> _Required action_
The reply must contain exactly the lines below from the one with "Robo de informacion" down to the one with "Modeling design，Automobile refitting，Dongfeng", both included, and nothing more; please omit the pictures.

> _Supplied records_
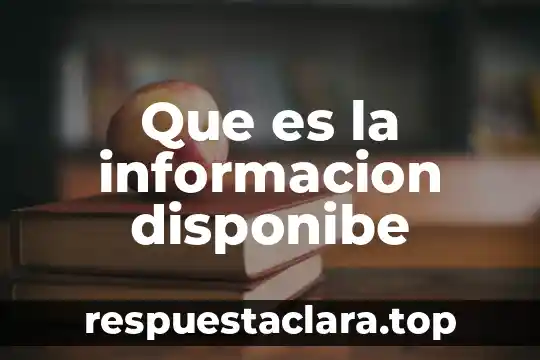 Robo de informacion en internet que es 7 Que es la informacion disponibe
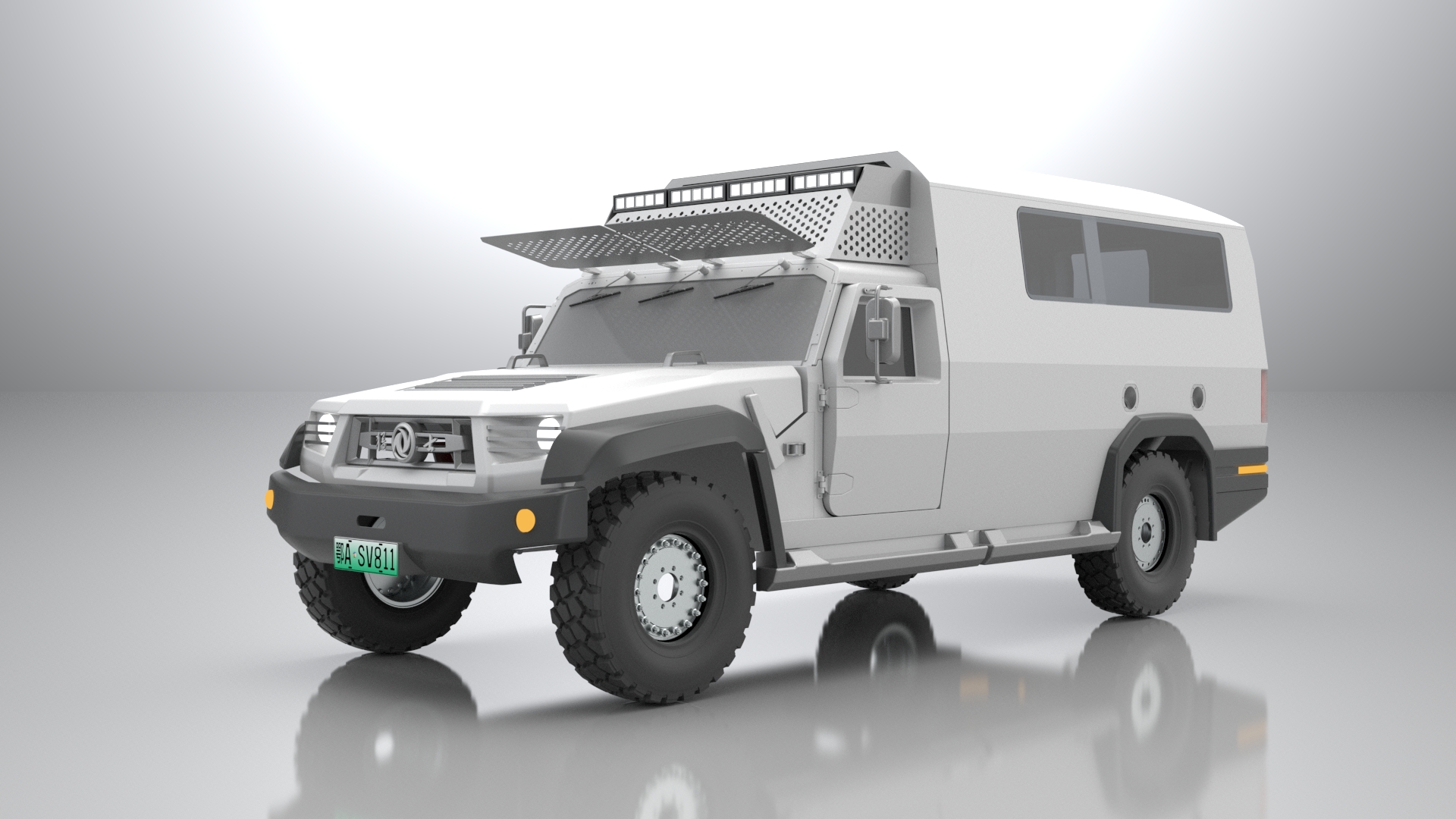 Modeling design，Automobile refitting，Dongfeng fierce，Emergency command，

---

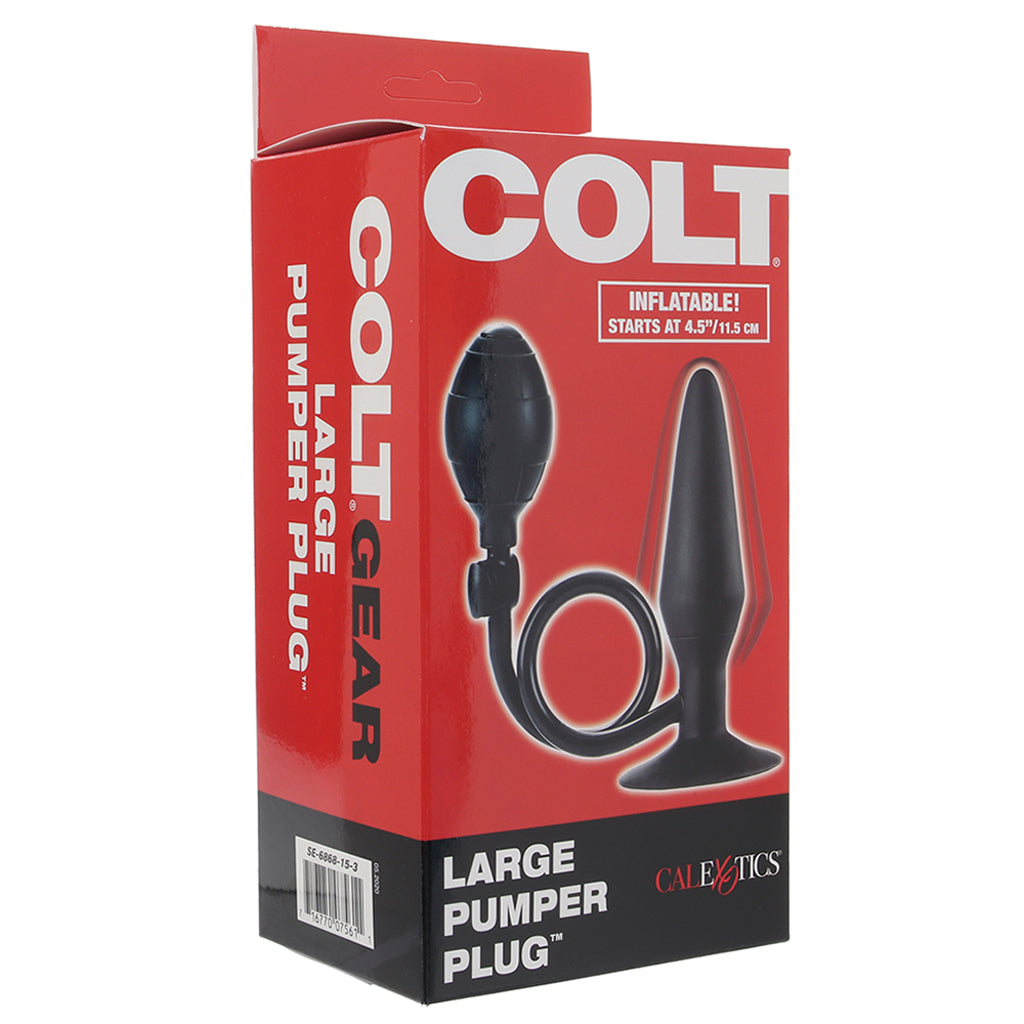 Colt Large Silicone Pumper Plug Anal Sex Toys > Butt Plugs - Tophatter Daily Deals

> _Written response_
 Robo de informacion en internet que es 7 Que es la informacion disponibe
 Modeling design，Automobile refitting，Dongfeng fierce，Emergency command，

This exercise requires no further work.